Output exactly, with nothing added, the entries from the first line through the line with "White and blank".

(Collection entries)
====================

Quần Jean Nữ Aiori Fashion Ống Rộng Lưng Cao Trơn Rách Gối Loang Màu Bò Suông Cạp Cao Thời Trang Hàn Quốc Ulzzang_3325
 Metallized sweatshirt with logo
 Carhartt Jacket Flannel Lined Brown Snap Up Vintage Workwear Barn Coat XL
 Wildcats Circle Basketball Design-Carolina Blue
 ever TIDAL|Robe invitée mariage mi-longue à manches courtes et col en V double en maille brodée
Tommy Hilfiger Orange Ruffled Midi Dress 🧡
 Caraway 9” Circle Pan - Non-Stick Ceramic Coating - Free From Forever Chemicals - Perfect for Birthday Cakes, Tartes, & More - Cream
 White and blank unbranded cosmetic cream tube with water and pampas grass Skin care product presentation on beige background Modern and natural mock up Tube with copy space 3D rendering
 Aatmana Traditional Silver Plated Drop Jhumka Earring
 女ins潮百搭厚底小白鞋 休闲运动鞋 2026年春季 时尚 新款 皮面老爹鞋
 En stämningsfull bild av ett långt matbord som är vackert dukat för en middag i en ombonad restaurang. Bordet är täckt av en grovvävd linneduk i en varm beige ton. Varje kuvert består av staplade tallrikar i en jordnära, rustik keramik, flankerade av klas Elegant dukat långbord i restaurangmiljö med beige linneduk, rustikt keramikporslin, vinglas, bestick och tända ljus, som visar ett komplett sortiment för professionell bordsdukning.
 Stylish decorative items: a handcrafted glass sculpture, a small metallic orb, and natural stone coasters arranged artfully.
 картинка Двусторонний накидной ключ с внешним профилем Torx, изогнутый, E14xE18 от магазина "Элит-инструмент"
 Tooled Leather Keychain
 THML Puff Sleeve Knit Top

====================

▸ COMPLETED EXERCISE
Quần Jean Nữ Aiori Fashion Ống Rộng Lưng Cao Trơn Rách Gối Loang Màu Bò Suông Cạp Cao Thời Trang Hàn Quốc Ulzzang_3325
 Metallized sweatshirt with logo
 Carhartt Jacket Flannel Lined Brown Snap Up Vintage Workwear Barn Coat XL
 Wildcats Circle Basketball Design-Carolina Blue
 ever TIDAL|Robe invitée mariage mi-longue à manches courtes et col en V double en maille brodée
Tommy Hilfiger Orange Ruffled Midi Dress 🧡
 Caraway 9” Circle Pan - Non-Stick Ceramic Coating - Free From Forever Chemicals - Perfect for Birthday Cakes, Tartes, & More - Cream
 White and blank unbranded cosmetic cream tube with water and pampas grass Skin care product presentation on beige background Modern and natural mock up Tube with copy space 3D rendering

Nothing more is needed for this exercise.